The Facts about Leaseback Schemes

Leaseback France gives you the straight facts about  “leaseback” schemes. A lot of websites have exploded onto the internet recently selling ‘leaseback’ properties in France. We want to clear up some of the misinformation that is being spread about, so here are some straight facts about ‘Leaseback’ in France.

Let’s start with what they say……

Statement: “The French government gives you 19.6 percent off the price of the property…”
Fact: NO, the French government gives you nothing on leaseback sales. The VAT tax incentive is a real discount off the market value of the property giving a VAT refund on the whole property from the French government. The current rate of VAT on all new property is 19.6%.(this refund represents a 16.4% discount of the market value normal selling price)” See above + on refurbishment leasebacks the rate of TVA is 5.5% and is applicable only to the percentage of the price that represents refurbishment.

Statement: “You choose the weeks you want to use yourself and….."
Fact: NO

Statement: “At the end of the lease period, the property will be returned to the owner in perfect condition., ……..”
Fact: NO

Statement: “The return is linked to the cost of living index……..”
Fact: NO

Statement:"Your property is fully managed and serviced by the property company who lease from you and you have no further costs or charges for the period of the leaseback……..”
Fact: NO

Now the straight facts….

The Principle of Leaseback

The leaseback scheme works on the principle that you buy freehold a property, be it an apartment, a chalet a cabin or a house. This you furnish and lease to either the developer or an accredited property management firm for a fixed number of years,  9, 10 or 11 are popular choices.

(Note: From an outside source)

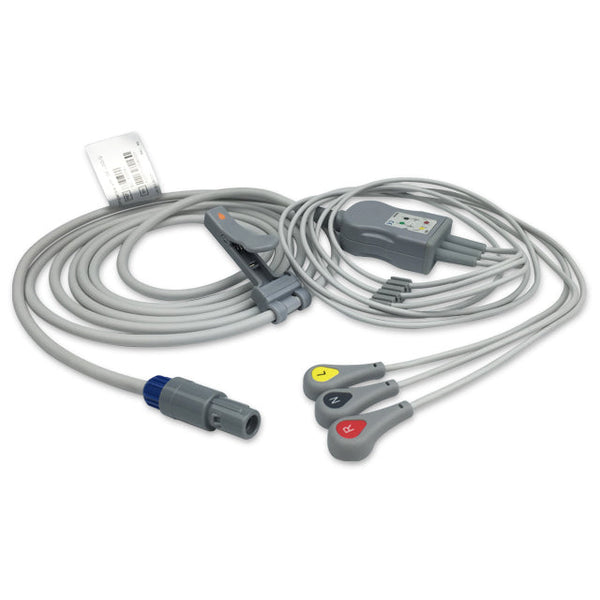 6016115 ECG Wires comp. w/ GE LOGIQ - 3-leads Press Stud (IEC)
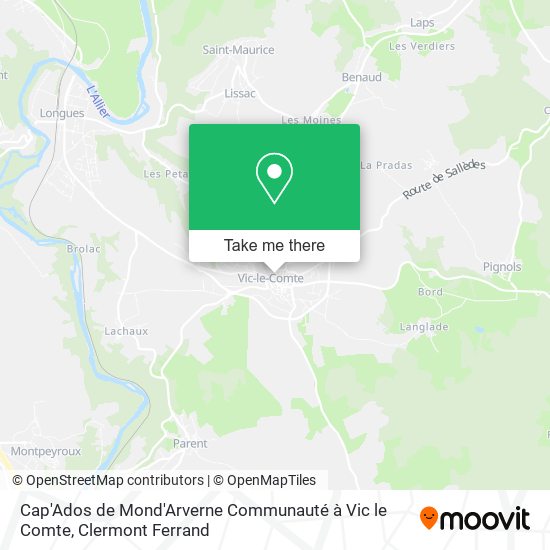 Cap'Ados de Mond'Arverne Communauté à Vic le Comte map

This is a commercial lease*, which has certain repercussions in French law.

The furniture is usually sold to you in the form of a predefined furniture pack.

The management firm sublets the properties on a short term basis, offering other services such as cleaning and breakfasts that qualify  the letting business as being like hotel letting, hence making the rents charged by the management firm  subject to TVA (purchase tax).

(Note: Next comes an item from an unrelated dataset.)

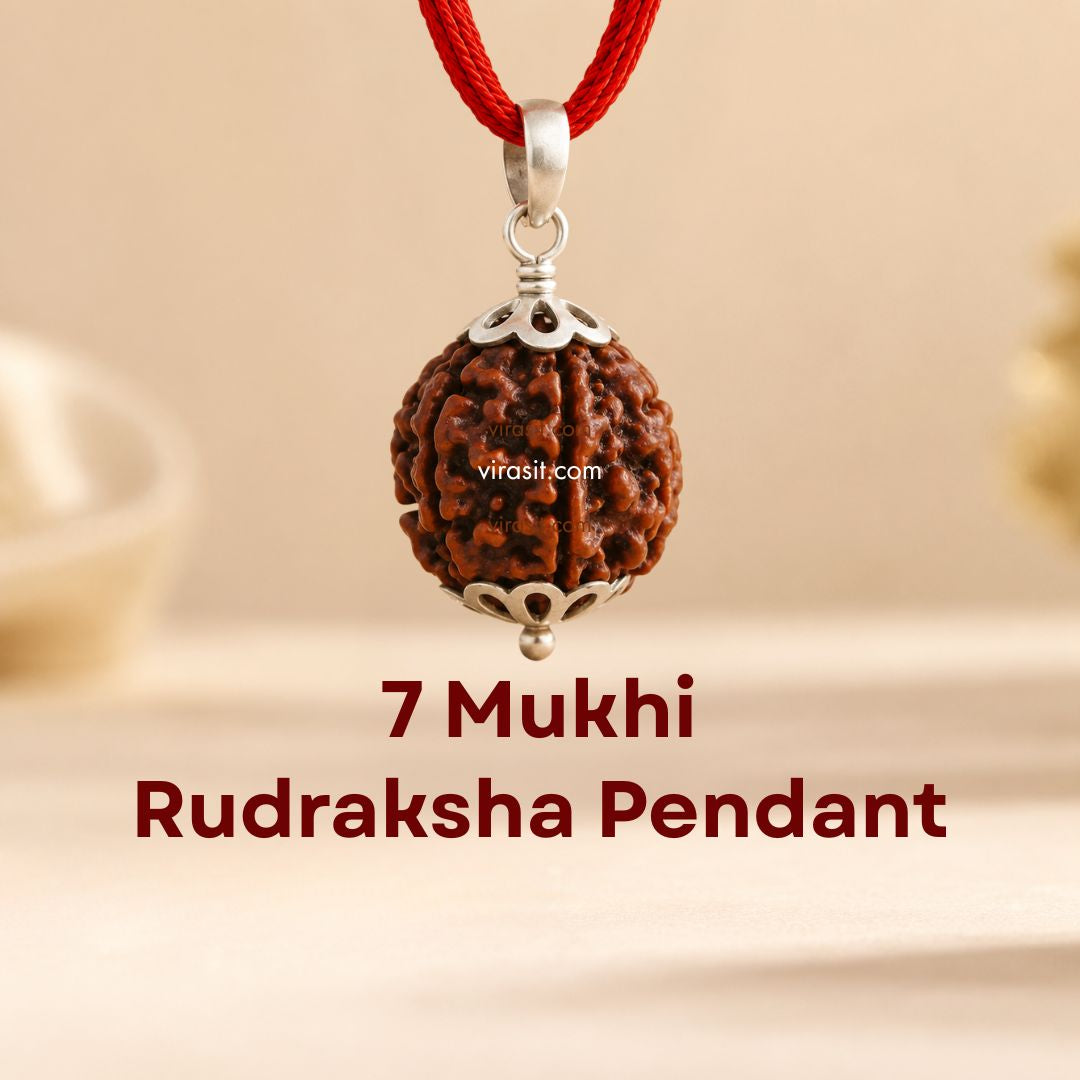 Nepali 7 Mukhi Rudraksha Pendant – 100% Natural & Certified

The French government agrees in these cases to offset the TVA payable on the purchase of the  property  against that charged to the short let customers of the rental management firm. In most cases you pay the TVA on purchase and receive it back from the government within 5 months of  the purchase, in some cases the developer advances the TVA against the reimbursement by the buyer on the day he receives the money from the government.

If the property is new build (as in most cases) the TVA is 19.6%, if it is a refurbished property there is TVA of  5.5 % on the part of the price that represents refurbishment works.

The number of years needed to offset the total TVA  vary according to the price of the property, the rental, no of weeks per year rented out etc. This is usually 20 years.

Some schemes offer no guaranteed annual return and, except for a minimum 4 weeks that qualify the deal for offset TVA, the property is available for the owner’s use. Other schemes offer choices with returns varying according to how many weeks the owner takes for his own use - usually a minimum of 0 and a maximum of 6. The lease that the management firm and the buyer sign defines the periods during which the owner may choose his weeks and the length of notice that must be given., it also defines who pays what in terms of shared facilities charges, services etc.

Percentage changes in the annual returns are usually index linked to the INSEE Index of Construction Costs.

From end December to end December
1995
1996
1997
1998
1999
2000
2001
2002
Annual % change INSEE Construction Index
- 0.05
+ 1.77
+ 2.39
+ 0.12
+1.01
+2.38
+3.57
+2.53

The buyer is responsible for the annual taxe foncier (buildings tax), often a portion of the shared facilities costs depending on the amount of weeks that you use the property and any building or repair costs that fall outside the guarantees of the builder and the responsibilities of the management company as defined in the rental and sales contracts.

As you are being paid  rent  on a French property, you need to fill in an  annual French tax return. How ever assuming that you have used a mortgage to finance the property there is usually no tax payable.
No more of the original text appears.